Problem description |
Look for the line with "Spanduk Raksasa Karhutla"; please transcribe it and every later line in the entries exactly, up to the end, leaving pictures out.

Data records
####################
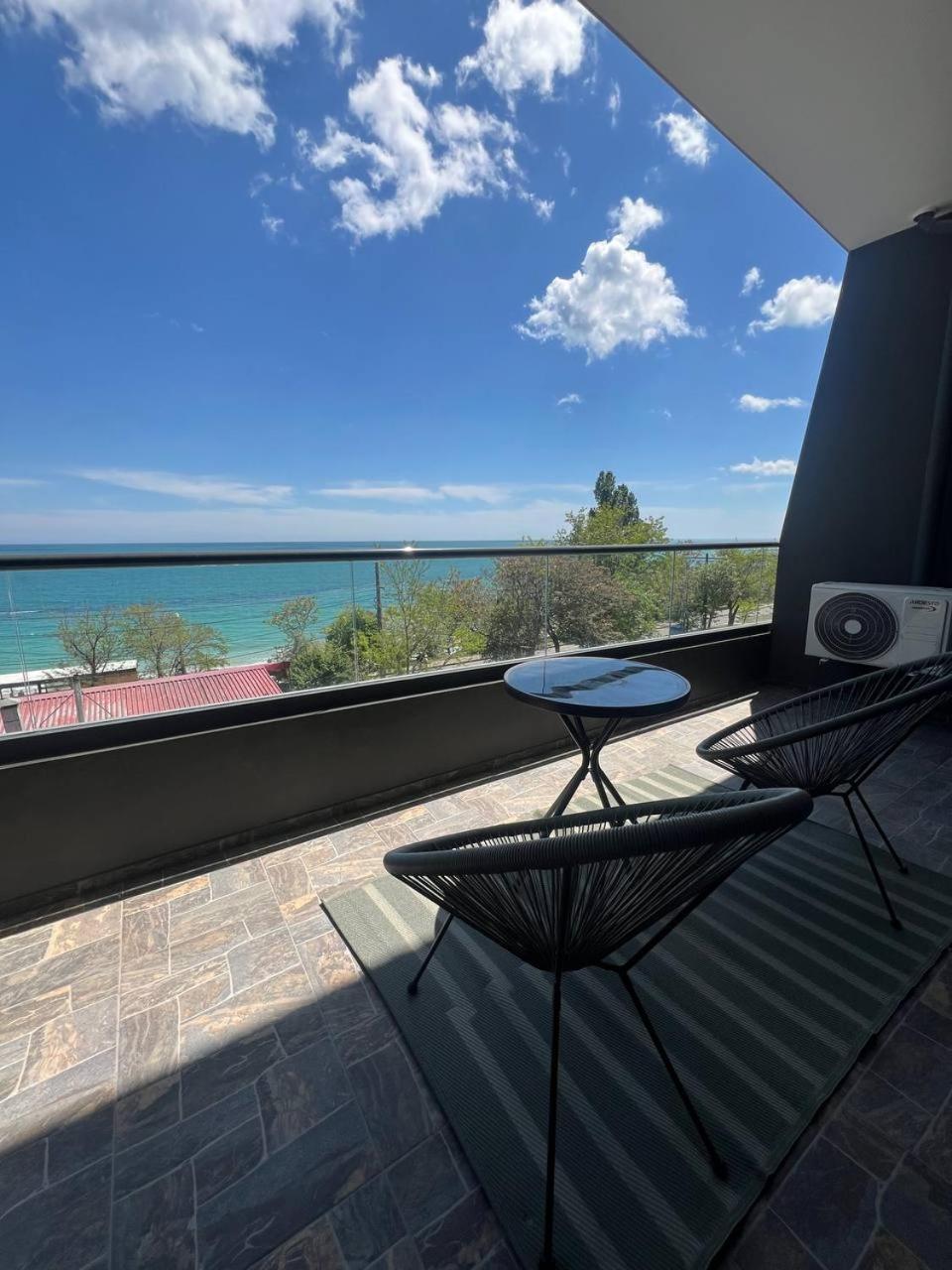 Magnit Apartments У Самого Моря Odessa Esterno foto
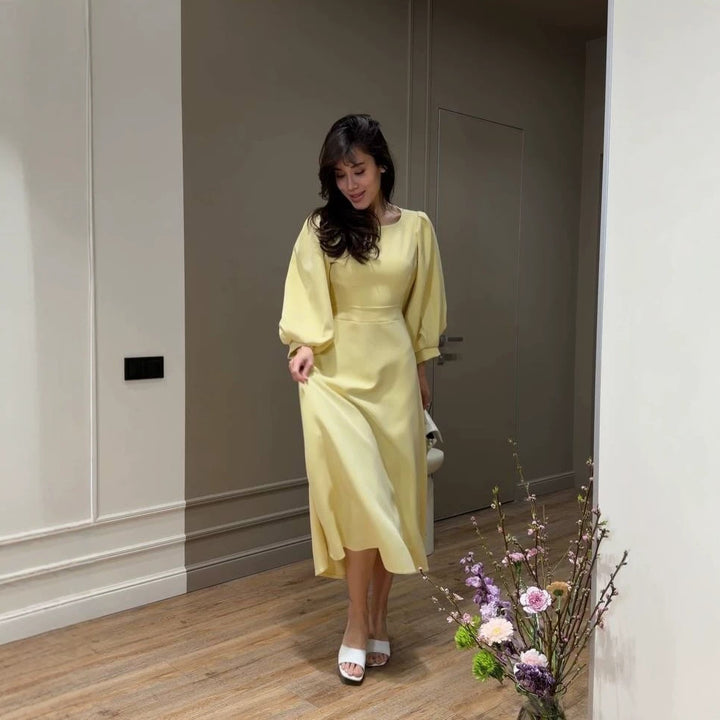 Damen Midikleid mit offenem Rückenausschnitt, voluminösen Puffärmeln und Bindegürtel Echoarchiv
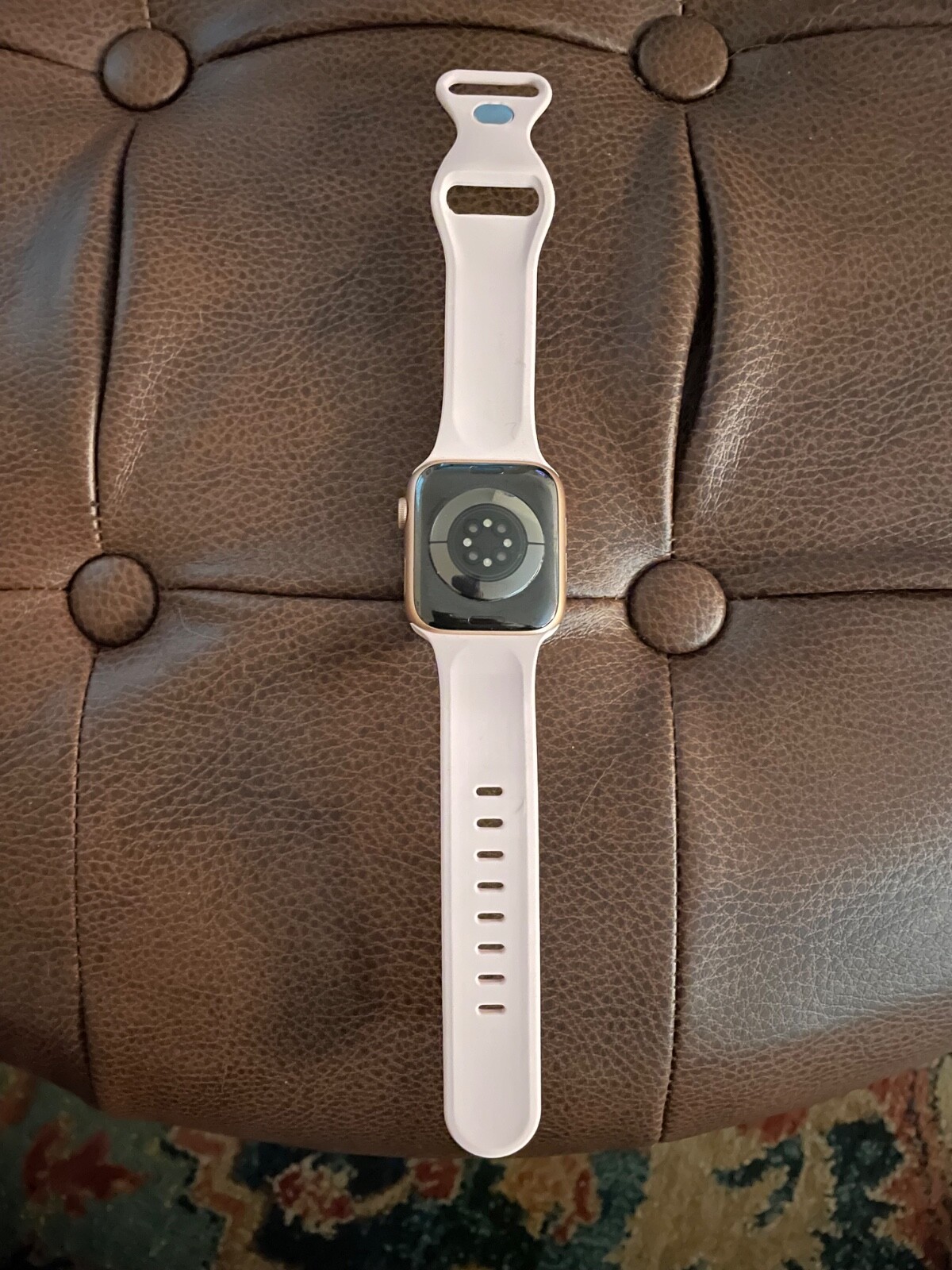 Apple Watch Series 6 40mm Gold Aluminum Case with Pink Sand Sport Band (GPS +…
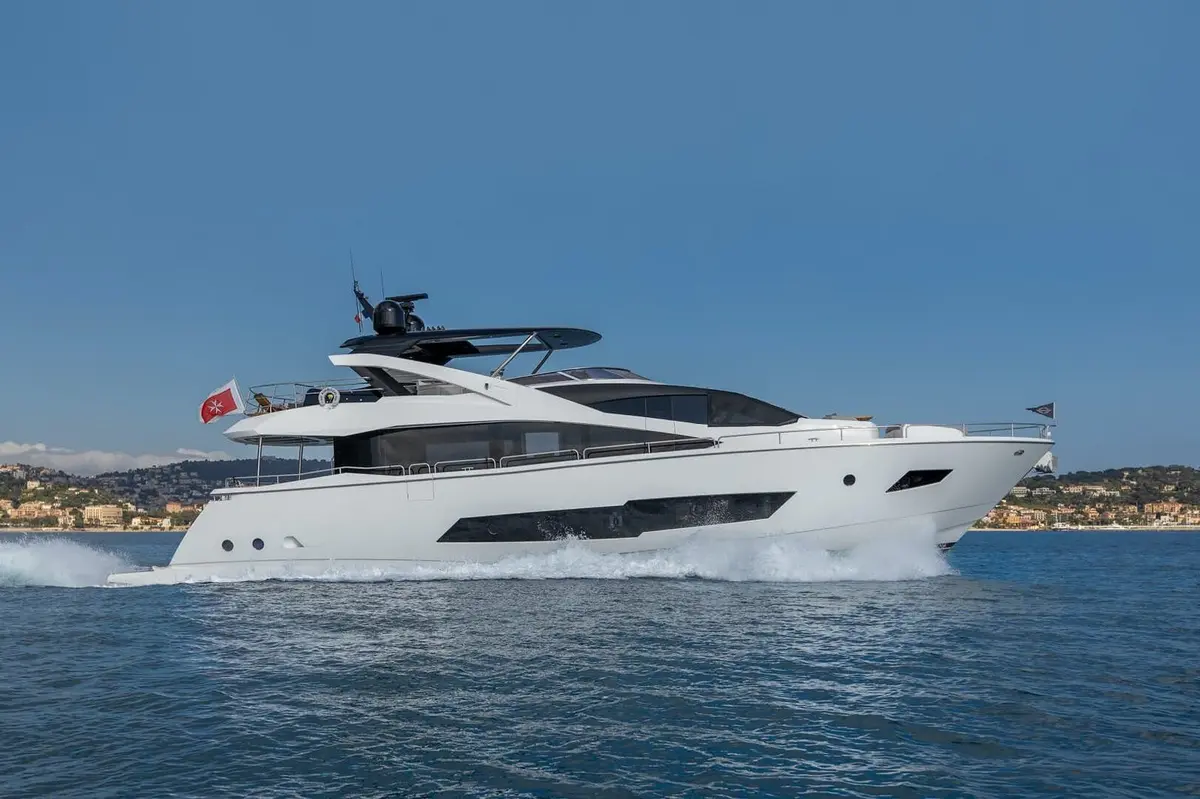 Sunseeker 86, exterior — Yacht Hire Marbella, Marbella. Four cabins, calm coves, easy Marbella days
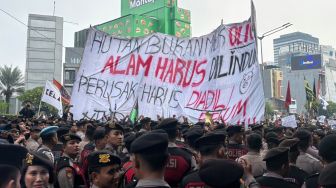 Spanduk Raksasa Karhutla Mahasiswa di Dukuh Atas: Hutan Bukan Milik Oligarki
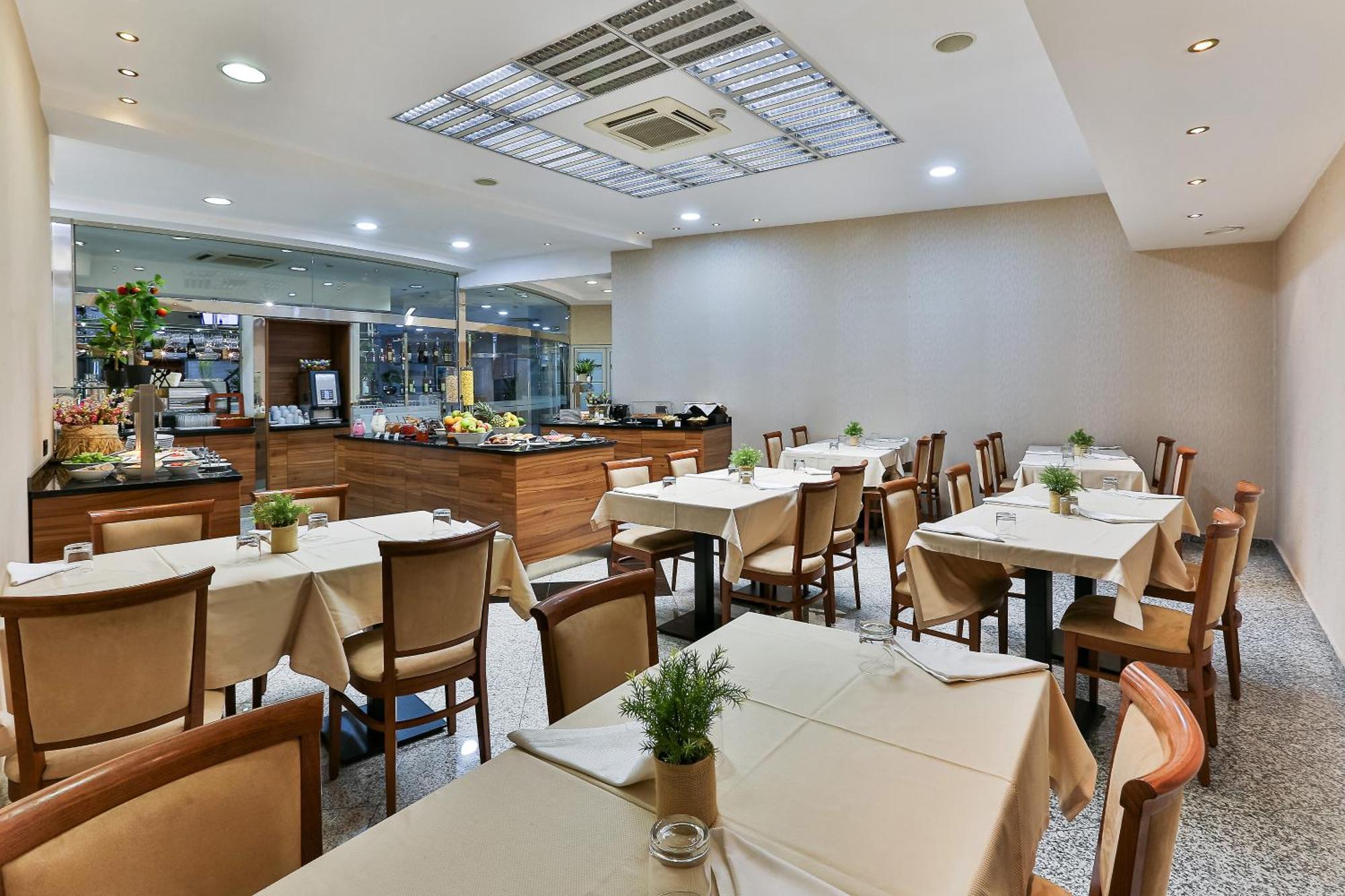 Kings Park Hotel Ποντγορίτσα Εξωτερικό φωτογραφία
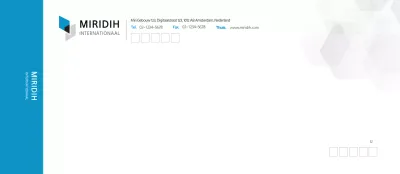 Blauwe eenvoudige enveloppen in bedrijfskleuren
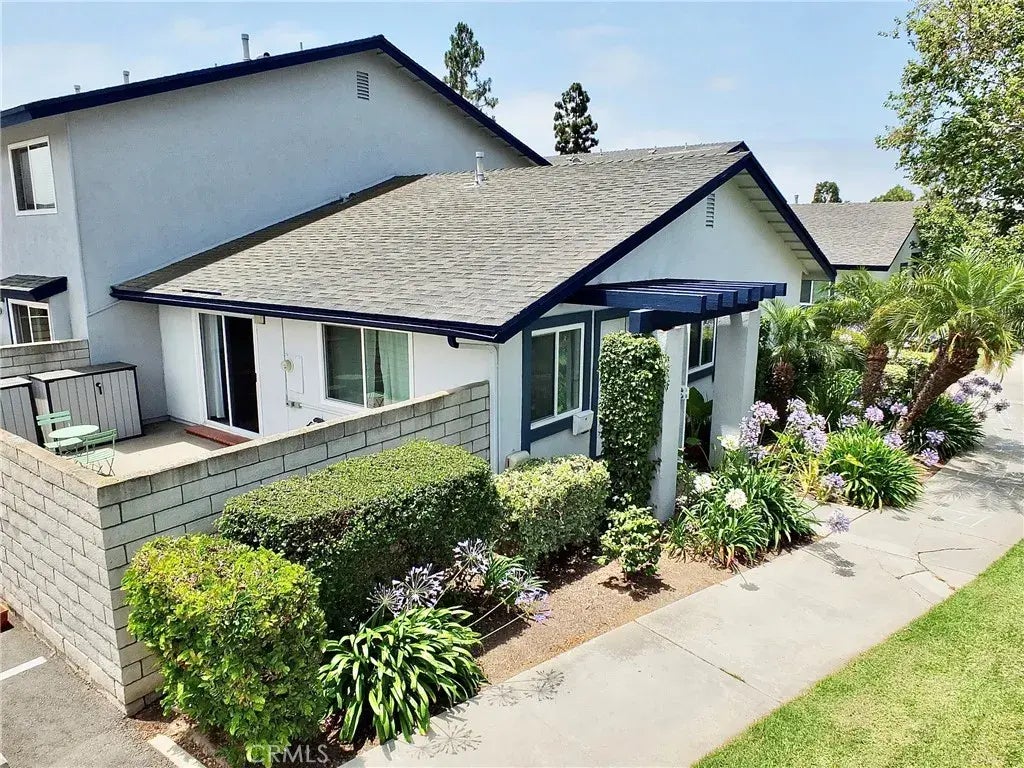 16573 Pescado Lane 3a, Huntington Beach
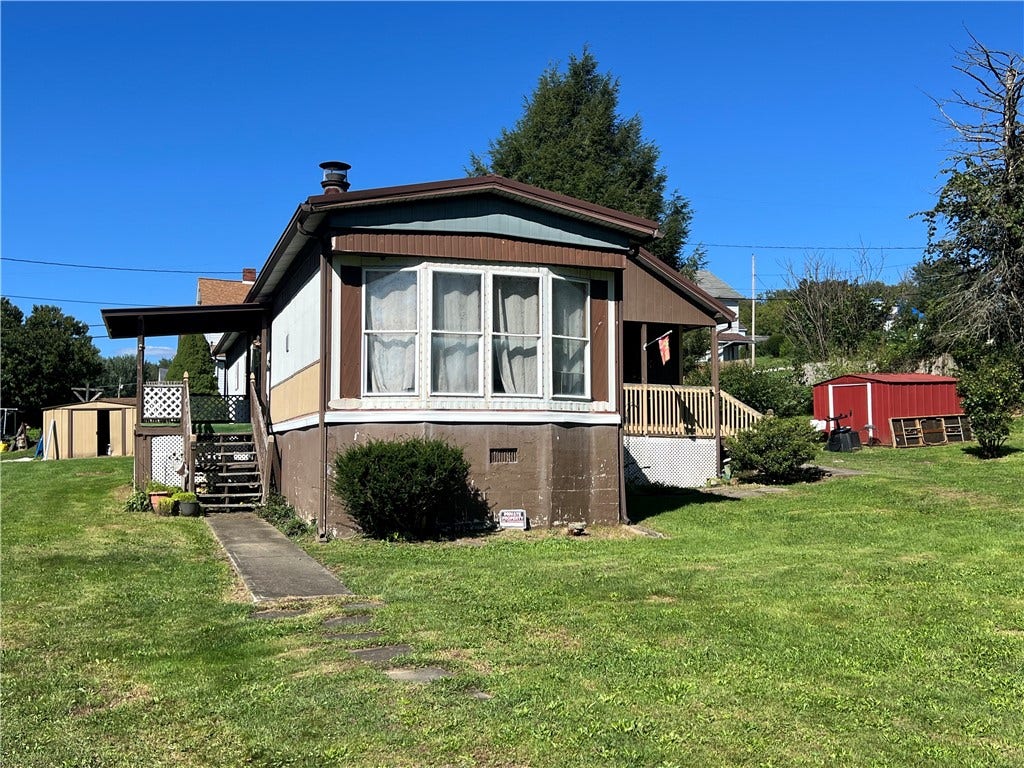 783 Walnut Hill Rd, Uniontown, PA 15401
####################
Answer to this exercise |
 Spanduk Raksasa Karhutla Mahasiswa di Dukuh Atas: Hutan Bukan Milik Oligarki
 Kings Park Hotel Ποντγορίτσα Εξωτερικό φωτογραφία
 Blauwe eenvoudige enveloppen in bedrijfskleuren
 16573 Pescado Lane 3a, Huntington Beach
 783 Walnut Hill Rd, Uniontown, PA 15401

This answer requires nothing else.